Associated-dissolved natural gas, also called casinghead gas, is defined as the combined volume of natural gas that occurs in crude oil reservoirs either as free gas (associated) or as natural gas in solution with crude oil (dissolved). Associated-dissolved natural gas made up more than a fifth of production in the United States in 2017. Proved reserves of associated-dissolved natural gas increased from 72.2 Tcf in 2016 to 99.4 Tcf in 2017—an increase of 38% (27.2 Tcf). Estimated production of associated-dissolved natural gas increased 12%—from 6.4 Tcf in 2016 to 7.2 Tcf in 2017. The largest increase in 2017 associated-dissolved natural gas proved reserves (10.3 Tcf) was in Texas (86% of this increase was in the Permian Basin).

Coalbed natural gas

Coalbed natural gas, also called coalbed methane, is a type of natural gas contained in and produced from coal seams. Extraction requires drilling wells into the coal seams and removing water contained in the seams to reduce hydrostatic pressure and to release adsorbed (and free) natural gas from the coal. Coalbed natural gas made up only 3% of production in the United States in 2017. Proved reserves of U.S. coalbed natural gas increased from 10.6 Tcf in 2016 to 11.9 Tcf in 2017, a 12% increase. Estimated production of coalbed natural gas decreased 4%—from 1.02 Tcf in 2016 to 0.98 Tcf in 2017. In 2017, New Mexico experienced the largest increase (0.97 Tcf) in proved reserves of coalbed methane, and Alabama had the largest decrease (0.2 Tcf) in coalbed methane proved reserves.

As of Year-End 2017, coalbed methane proved reserves represent only 2.6% of the U.S. total natural gas proved reserves. EIA will not include coalbed methane proved reserves as a separate data category in its U.S. Crude Oil and Natural Gas Proved Reserves, Year-End 2018 report.

Natural gas from shale

Shale formations can be both the source rock (where the oil and gas is generated from organic matter in the rock) and the producing formation (the rock from which the oil and gas is produced). Shale reservoirs must typically be hydraulically fractured to produce natural gas at economic rates. Horizontally-drilled wells perform substantially better than vertical wells (but they are more expensive to drill and complete at the same depth). Proved reserves of U.S. natural gas from shale increased from 209.8 Tcf in 2016 to 307.9 Tcf in 2017.

The share of natural gas from shale compared with total U.S. natural gas proved reserves increased from 62% in 2016 to 66% in 2017 (Figure 12). Estimated production of natural gas from shale increased 9%—from 17.0 Tcf in 2016 to 18.6 Tcf in 2017.
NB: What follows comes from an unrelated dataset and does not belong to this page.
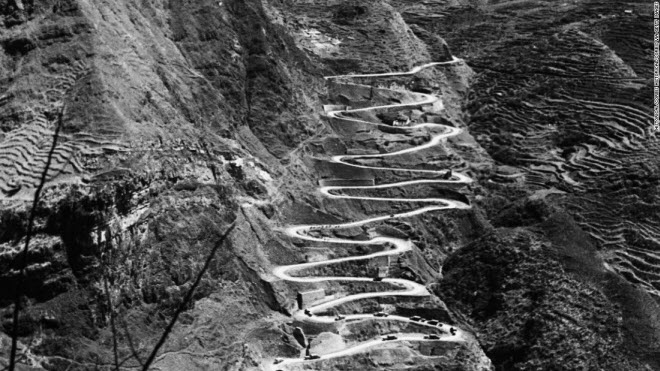 Sợ "bắn tim" lướt xe trên cung đường 24 khúc cua “tử thần” - 3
Figure 12. U.S. total natural gas proved reserves (shale and other sources), 2008-15
figure data

The following eight States reported the most proved reserves of shale natural gas (Figure 13):

  • Pennsylvania had the most natural gas proved reserves from shale in 2017 (89.5 Tcf)
  • Texas had the second-most (78.7 Tcf)
  • West Virginia (34.3 Tcf) remained the third-largest
  • Louisiana (26.5 Tcf) was the fourth-largest
  • Ohio (26.5 Tcf) was the fifth-largest
  • Oklahoma (22.7 Tcf) was the sixth-largest
  • North Dakota (10.0 Tcf) was the seventh-largest
  • New Mexico (9.5 Tcf) was the eighth-largest shale gas proved reserves state

Figure 13.Proved shale gas reserve of the top six U.S. shale gas reserves states, 2010-15
figure data

Eight shale plays contained 95% of U.S. shale gas proved reserves at the end of 2017 (Table 4). The Marcellus remained the play with the largest amount of natural gas proved reserves from shale in 2017. Its proved reserves increased in 2017 by 47%. The second-largest shale gas play in 2017 was the Haynesville/Bossier shale play, where proved reserves almost tripled.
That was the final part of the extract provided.